Umgang mit sexueller Vielfalt in der Schule

  • 90 Prozent der Befragten sprechen sich dafür aus, dass Schulen den Schüler*innen Akzeptanz gegenüber homo- und bisexuellen Personen vermitteln sollen. Ein Teil der Befragten lehnt die konkreten Mittel zum Erreichen dieses Ziels jedoch ab: So ist beispielsweise gut ein Viertel der Befragten der Ansicht, dass in der Schule nur Paare aus Mann und Frau vorkommen sollten, wenn es um Liebe und Partnerschaft geht.
  • Befragte, die wissen, dass das Ziel der Bildungspläne die Akzeptanzvermittlung gegenüber LSB ist und nicht die Ermunterung zum Ausprobieren unterschiedlicher Sexualpraktiken, sprechen sich deutlich häufiger für die Berücksichtigung des Themas sexueller Vielfalt im Schulunterricht aus.
  • Zudem zeigt sich, dass das Thema bisher de facto kaum im Schulunterricht vorkommt. So berichten 64 Prozent der 16- bis 29-Jährigen Befragten etwa davon, dass ihre Lehrkräfte nie Unterrichtsbeispiele oder Materialien verwendet haben, in denen auch LSB-Personen vorkommen.

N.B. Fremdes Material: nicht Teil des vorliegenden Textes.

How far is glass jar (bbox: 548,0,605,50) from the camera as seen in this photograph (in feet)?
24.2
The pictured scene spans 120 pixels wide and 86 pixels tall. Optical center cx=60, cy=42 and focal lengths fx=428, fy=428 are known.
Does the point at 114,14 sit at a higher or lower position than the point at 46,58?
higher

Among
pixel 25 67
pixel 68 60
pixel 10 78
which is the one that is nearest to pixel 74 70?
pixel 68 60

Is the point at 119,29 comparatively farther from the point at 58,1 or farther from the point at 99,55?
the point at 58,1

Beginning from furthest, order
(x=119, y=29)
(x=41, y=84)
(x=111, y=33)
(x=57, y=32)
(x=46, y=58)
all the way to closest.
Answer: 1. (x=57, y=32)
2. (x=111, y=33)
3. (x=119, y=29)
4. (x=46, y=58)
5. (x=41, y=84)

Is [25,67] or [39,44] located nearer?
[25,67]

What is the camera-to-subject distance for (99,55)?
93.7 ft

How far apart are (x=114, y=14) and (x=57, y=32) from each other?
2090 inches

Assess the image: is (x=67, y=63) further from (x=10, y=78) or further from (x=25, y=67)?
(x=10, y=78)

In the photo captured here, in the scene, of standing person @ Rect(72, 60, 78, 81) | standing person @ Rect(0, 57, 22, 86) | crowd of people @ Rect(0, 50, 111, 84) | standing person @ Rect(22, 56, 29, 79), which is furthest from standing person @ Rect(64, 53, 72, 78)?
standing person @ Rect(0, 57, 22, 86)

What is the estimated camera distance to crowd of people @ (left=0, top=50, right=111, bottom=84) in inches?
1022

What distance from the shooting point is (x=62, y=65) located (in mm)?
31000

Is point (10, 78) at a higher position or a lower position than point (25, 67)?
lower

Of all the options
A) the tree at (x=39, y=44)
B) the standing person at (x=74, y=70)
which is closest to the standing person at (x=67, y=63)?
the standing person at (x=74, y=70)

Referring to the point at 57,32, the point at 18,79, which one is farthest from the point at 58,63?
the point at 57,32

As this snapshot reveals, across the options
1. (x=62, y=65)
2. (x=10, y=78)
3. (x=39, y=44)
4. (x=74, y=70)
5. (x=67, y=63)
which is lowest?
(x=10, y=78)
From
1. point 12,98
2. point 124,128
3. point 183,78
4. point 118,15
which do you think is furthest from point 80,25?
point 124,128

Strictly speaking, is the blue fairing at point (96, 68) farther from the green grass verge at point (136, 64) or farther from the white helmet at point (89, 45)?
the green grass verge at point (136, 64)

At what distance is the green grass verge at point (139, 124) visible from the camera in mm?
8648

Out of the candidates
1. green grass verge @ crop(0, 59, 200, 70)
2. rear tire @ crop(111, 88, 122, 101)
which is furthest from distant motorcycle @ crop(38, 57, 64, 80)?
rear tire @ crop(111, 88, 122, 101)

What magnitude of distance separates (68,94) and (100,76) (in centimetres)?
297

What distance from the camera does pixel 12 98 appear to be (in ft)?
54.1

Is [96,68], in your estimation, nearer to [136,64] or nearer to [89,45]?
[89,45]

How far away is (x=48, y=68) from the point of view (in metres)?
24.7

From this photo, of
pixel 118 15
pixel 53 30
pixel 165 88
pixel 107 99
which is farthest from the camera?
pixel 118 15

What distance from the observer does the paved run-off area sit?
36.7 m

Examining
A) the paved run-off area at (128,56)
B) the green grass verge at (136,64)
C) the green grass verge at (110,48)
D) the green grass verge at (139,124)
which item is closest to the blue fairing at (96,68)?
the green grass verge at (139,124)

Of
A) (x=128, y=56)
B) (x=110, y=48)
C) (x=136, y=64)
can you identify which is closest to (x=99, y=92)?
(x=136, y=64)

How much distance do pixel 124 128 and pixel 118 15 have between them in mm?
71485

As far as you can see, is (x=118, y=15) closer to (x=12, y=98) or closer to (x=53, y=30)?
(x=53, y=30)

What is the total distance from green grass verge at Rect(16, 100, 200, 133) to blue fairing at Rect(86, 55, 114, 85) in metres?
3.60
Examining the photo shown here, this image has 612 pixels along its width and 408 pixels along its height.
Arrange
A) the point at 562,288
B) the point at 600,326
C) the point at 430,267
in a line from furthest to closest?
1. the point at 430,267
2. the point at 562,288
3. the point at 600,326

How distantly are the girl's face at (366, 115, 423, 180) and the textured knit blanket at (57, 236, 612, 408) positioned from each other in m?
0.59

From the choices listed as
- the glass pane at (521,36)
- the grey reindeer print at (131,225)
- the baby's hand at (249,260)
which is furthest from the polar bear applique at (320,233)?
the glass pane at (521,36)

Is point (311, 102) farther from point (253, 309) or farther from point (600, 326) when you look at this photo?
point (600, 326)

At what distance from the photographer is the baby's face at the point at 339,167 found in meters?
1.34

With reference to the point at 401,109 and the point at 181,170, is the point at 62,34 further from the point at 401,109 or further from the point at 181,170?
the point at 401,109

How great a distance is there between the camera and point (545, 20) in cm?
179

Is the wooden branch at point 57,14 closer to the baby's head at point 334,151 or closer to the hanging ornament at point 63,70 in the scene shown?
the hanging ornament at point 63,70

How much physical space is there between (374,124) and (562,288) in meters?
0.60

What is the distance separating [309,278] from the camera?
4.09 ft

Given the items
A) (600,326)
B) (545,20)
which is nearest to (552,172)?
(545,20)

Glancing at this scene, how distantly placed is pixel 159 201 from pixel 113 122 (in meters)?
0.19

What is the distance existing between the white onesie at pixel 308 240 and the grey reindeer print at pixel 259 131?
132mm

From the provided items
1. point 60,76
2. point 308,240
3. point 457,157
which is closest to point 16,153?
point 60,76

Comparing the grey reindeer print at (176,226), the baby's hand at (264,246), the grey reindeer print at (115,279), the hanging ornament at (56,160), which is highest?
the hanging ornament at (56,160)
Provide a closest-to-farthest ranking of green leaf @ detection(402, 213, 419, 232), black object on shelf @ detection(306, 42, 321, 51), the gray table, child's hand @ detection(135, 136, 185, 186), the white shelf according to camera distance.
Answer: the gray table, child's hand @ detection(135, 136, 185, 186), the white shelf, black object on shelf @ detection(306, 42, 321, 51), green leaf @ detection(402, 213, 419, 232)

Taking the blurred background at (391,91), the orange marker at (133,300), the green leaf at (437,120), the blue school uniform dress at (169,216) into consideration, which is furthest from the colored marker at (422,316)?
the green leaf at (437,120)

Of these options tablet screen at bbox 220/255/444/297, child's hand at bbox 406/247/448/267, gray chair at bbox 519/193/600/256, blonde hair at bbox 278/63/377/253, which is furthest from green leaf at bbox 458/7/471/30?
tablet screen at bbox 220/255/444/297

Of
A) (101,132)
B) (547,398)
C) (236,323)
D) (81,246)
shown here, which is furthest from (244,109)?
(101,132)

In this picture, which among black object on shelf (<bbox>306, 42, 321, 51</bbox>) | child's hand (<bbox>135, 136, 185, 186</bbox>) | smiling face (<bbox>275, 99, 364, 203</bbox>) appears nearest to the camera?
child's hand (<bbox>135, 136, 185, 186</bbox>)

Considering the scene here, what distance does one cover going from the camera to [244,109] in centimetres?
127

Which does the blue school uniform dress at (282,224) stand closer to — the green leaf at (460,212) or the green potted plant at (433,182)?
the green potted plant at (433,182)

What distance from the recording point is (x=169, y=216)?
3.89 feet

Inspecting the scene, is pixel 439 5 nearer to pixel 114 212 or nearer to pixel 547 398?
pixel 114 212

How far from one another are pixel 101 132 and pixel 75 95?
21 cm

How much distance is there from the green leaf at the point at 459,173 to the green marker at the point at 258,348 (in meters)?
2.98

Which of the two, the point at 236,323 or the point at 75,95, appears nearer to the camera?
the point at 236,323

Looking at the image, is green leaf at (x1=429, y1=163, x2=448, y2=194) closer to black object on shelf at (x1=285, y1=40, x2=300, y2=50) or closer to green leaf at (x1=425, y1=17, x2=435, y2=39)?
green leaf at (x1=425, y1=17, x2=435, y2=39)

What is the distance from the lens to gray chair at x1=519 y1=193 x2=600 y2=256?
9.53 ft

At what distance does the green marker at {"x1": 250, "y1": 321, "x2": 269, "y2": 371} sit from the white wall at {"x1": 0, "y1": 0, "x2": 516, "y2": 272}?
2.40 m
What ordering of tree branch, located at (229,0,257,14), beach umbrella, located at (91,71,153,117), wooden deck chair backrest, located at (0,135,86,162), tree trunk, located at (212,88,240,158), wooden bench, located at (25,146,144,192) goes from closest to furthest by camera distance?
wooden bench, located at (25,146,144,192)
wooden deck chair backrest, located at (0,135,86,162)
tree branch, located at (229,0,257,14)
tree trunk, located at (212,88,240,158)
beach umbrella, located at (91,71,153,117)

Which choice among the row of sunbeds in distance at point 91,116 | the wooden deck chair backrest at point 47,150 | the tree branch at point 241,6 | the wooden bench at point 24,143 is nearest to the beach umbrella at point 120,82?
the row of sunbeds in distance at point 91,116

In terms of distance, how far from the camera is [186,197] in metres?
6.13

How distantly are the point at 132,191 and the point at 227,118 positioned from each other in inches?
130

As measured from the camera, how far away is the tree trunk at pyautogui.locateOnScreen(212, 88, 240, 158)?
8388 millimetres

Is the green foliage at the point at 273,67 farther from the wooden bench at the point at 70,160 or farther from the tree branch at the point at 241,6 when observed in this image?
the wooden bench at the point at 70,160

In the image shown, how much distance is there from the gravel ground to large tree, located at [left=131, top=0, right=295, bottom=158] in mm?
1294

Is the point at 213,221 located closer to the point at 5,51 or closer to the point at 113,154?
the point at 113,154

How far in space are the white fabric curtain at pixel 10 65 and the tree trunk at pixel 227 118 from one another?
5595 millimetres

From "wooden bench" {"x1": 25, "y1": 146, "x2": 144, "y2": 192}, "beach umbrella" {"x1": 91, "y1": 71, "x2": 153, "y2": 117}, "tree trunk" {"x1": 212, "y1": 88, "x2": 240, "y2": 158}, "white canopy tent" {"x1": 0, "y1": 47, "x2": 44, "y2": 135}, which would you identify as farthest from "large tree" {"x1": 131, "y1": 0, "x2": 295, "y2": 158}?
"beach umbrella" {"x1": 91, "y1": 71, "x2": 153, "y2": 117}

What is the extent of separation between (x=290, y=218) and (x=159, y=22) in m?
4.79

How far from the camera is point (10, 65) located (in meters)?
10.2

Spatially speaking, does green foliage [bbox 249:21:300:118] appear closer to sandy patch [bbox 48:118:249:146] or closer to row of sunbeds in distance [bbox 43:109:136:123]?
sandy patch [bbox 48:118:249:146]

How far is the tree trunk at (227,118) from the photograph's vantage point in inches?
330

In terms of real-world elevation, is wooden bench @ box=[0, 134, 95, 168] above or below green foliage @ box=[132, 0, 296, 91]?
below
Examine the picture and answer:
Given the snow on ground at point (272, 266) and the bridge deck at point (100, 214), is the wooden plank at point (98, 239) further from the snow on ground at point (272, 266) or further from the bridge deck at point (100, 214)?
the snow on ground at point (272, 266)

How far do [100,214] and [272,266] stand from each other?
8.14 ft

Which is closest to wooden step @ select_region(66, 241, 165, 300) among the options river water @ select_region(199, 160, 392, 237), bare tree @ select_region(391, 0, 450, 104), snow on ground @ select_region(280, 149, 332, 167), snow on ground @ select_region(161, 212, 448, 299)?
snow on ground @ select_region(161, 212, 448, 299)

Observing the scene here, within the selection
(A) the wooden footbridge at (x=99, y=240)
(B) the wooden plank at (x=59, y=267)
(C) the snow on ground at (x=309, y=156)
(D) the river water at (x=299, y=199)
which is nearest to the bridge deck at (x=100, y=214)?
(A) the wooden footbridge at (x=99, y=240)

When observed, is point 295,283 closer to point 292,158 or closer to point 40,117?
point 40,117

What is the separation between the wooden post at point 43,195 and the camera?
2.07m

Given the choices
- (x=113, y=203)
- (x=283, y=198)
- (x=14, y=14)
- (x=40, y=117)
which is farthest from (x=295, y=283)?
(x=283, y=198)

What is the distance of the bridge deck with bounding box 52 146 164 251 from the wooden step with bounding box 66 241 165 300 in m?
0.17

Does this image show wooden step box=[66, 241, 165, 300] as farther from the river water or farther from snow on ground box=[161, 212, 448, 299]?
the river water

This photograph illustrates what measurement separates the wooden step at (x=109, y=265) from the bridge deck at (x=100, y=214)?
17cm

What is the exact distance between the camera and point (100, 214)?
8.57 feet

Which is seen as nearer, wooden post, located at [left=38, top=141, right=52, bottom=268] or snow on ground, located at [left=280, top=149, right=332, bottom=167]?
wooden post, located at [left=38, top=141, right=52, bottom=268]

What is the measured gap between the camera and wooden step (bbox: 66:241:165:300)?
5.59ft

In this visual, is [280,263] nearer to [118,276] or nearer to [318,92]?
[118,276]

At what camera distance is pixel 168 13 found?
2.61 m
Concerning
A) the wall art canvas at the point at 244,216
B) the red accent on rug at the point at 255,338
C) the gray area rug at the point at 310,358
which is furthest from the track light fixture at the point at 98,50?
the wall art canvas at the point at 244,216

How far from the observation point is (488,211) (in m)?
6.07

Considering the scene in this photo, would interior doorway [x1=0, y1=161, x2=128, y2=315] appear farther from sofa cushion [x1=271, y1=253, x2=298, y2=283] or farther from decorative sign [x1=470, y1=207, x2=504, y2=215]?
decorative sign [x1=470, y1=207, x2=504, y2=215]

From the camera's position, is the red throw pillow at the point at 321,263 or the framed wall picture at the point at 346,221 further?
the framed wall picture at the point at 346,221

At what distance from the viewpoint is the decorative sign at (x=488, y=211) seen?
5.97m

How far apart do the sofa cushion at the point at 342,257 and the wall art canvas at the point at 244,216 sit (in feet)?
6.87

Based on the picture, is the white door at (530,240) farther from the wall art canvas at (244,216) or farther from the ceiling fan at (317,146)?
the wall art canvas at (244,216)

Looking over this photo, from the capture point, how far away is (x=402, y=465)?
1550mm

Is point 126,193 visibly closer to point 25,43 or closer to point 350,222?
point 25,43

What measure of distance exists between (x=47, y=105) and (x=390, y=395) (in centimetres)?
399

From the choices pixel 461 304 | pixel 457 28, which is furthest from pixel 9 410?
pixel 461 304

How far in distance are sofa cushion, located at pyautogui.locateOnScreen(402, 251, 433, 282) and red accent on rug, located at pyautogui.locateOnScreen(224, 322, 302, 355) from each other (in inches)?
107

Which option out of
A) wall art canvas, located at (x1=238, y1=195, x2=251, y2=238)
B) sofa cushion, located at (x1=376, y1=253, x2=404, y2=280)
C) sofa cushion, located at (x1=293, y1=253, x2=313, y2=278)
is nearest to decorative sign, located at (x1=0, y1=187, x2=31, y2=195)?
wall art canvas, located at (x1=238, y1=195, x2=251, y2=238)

Weitere ausgewählte Ergebnisse

  • Die eigene Zugehörigkeit zu einer als diskriminiert wahrgenommenen Gruppe (z.B. aufgrund des Alters oder einer ethnischen, kulturellen oder relilgiösen Zugehörigkeit) hängt mit einer höheren Neigung zu abwertenden Einstellungen gegenüber LSB zusammen.
  • Die Ergebnisse bestätigen zudem den bekannten Zusammenhang zwischen Religiosität und Homophobie: Je religiöser sich die Befragten selbst einschätzen, desto eher werten sie LSBT*-Personen ab. Die Religionszugehörigkeit selbst ist dagegen weniger bedeutsam.
  • Schließlich wird auch die Anschlussfähigkeit homophober Einstellungen an den Rechtspopulismus deutlich. So gehen eine autoritaristische Grundhaltung, Demokratiemisstrauen und die Abwertung von „Fremden“ mit einer höheren Wahrscheinlichkeit zur Abwertung homosexueller Personen einher.

Handlungsoptionen

Unter Einbeziehung von Expert*innen aus Wissenschaft und Praxis wurden aus den Ergebnissen folgende Handlungsbedarfe für Politik, Gesellschaft und Forschung identifiziert:

  • Beseitigung rechtlicher Ungleichbehandlungen und Überprüfung von Regelungen in Organisationen und Unternehmen nach den Vorgaben des Gleichbehandlungsgebots und des Diskriminierungsverbots;
  • Aufklärung über Homosexualität und gleichgeschlechtliche Lebensweisen und Sensibilisierung auch für moderne, subtile Formen der Abwertung;
  • Verankerung des Themas sexuelle Vielfalt in der Aus- und Weiterbildung von Fachkräften im Bildungs-, Gesundheits- und Pflegebereich oder auch der Polizei;
  • Stärkere und selbstverständliche Thematisierung und Sichtbarmachung sexueller Vielfalt in verschiedenen Lebensbereichen, ohne dabei Homo- und Bisexualität als „Abweichung von der Norm“ darzustellen oder das Thema Sexualität übermäßig zu betonen;
  • Vermittlung von Wissen über die Ziele der Bildungspläne zur Berücksichtigung sexueller Vielfalt in der Schule, um Fehlinformationen und Gerüchten entgegenzuwirken;
  • Verstetigung einer differenzierten Erhebung von Bevölkerungseinstellungen gegenüber LSB-Personen und stärkere Berücksichtigung von Haltungen gegenüber trans* und intergeschlechtlichen Menschen.